Surviving Cape Cod traffic
Traffic creeps along as tourists and locals check their phones for texts and directions. Tempers flare in the heat. Bikes weave through cars jockeying for position as they whip around rotaries.
It must be summer on Cape Cod’s roadways.
“The number one cause of collisions is no longer alcohol; it’s the cell phone,” said Mike Hanlon, manager of Professional Driving Schools Inc., in Hyannis. “The number one cause is distracted driving.”
Lev Malakhoff, senior transportation engineer at the Cape Cod Commission, agreed.
“Distracted driving has become a major concern,” he said.
According to the National Highway Traffic Safety Administration, 3,179 people in the United States and Puerto Rico died in 2014 in accidents involving distracted driving. Distractions while driving include texting and talking on the phone, but also eating, putting on makeup and fiddling with a GPS, stereo or other devices now standard in many cars – anything that takes your eyes, and your mind, off driving.
Hanlon has been teaching teens and adults to drive for over 10 years. He said that people should put their phones down, or turn them off if they can’t resist using them, and try to be more patient behind the wheel. Impatience and lack of planning lead drivers to speed and get involved in road rage incidents, Hanlon said. This becomes more important during the summer on the Cape, when tourists and locals clog roads.
“We wouldn’t be Cape Cod without tourists,” he said. “We need to extend a little courtesy ourselves. Give tourists a little consideration and space.”
Drivers should know their route before getting in the car, rather than following a GPS, and give themselves extra time to get where they’re going, Hanlon said. Out-of-state visitors should try to familiarize themselves with Massachusetts traffic laws, such as those permitting U turns and right turns at red lights.

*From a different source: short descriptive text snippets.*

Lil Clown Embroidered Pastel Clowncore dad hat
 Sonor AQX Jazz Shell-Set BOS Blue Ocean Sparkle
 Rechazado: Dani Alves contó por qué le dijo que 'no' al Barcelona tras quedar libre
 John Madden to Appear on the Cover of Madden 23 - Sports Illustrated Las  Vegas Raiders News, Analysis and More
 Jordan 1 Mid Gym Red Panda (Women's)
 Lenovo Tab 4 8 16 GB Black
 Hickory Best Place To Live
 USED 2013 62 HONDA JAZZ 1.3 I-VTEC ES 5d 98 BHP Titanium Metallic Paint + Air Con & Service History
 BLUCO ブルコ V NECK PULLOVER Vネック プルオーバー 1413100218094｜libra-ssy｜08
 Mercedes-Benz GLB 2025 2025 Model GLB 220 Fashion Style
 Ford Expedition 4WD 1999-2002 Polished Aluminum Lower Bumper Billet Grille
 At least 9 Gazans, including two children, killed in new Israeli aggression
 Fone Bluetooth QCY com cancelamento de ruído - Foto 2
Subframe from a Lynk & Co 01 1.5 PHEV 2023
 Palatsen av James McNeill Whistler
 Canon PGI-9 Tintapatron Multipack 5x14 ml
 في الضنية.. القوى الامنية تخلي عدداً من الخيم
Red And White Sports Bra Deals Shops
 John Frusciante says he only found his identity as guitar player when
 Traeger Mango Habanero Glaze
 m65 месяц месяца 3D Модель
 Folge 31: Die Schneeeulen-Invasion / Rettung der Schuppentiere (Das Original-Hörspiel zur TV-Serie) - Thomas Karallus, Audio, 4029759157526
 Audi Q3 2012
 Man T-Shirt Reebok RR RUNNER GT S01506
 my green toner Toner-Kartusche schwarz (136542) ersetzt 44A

His advice for the possibility of being stuck in traffic for hours while trying to get onto the Cape: pack a cooler.
“Have a picnic,” he said. “Enjoy yourself; you’re on vacation.”
If you’re late for work or an appointment, don’t take it out on other drivers, Hanlon said.
“When you want to flip somebody off, maybe they just made a mistake,” he said. “Move on with your day. It’s a non-event. Escalate it, and it could turn deadly,” he added.
Hanlon listed major causes of accidents other than distracted driving:
- Excessive speed
- Driving under the influence of drugs or alcohol
- Making a left turn on a busy street.
Cape Codders joke about not making left turns in the summer, but Hanlon said that, nationally, 53.1 percent of collisions involve a left turn, compared with 5.7 percent of crashes involving a right turn. A 2010 NHTSA report said that 36 percent of crashes at intersections involved left turns or crossing over; the report did not include data on collisions resulting from turns from business and residential curb cuts and driveways.
“Taking a left turn at Bell Tower Mall (on Route 28 in Centerville) at 5 o’clock, you may cross two, three lanes,” Hanlon said. “People have died there.”
He suggested that instead of waiting for a break in the traffic to dart across the road, just turn right with the flow of passing cars until you can safely turn around.
As for those Bay State eccentricities known as rotaries, Hanlon reminded drivers that vehicles in the rotary have the right of way and drivers should use their turn signals to indicate where they plan to exit. Drivers going more than halfway around a rotary should use the inner lane, he said.
The smaller version of rotaries known as roundabouts have been shown to have less severe crashes’ than the four-way stop intersections they often replace, said Malakoff. Plus they help reduce air pollution caused by cars idling at a stop, he added.
Malakhoff urged drivers to be aware that during the summer, many people bike to work and for exercise. Cyclists should wear helmets, bike with the flow of traffic and use hand signals to let drivers know their intentions to turn and stop, he said.
Summer also brings out more pedestrians along Cape roadways, most of which do not have sidewalks. Pedestrians and joggers should travel facing traffic, he said.
When opening a door of a car parked along a street, look first for cyclists and other cars, Malakoff advised.
“We all drive by habit,” Hanlon said. “If you stick with good habits, you’ll be OK.”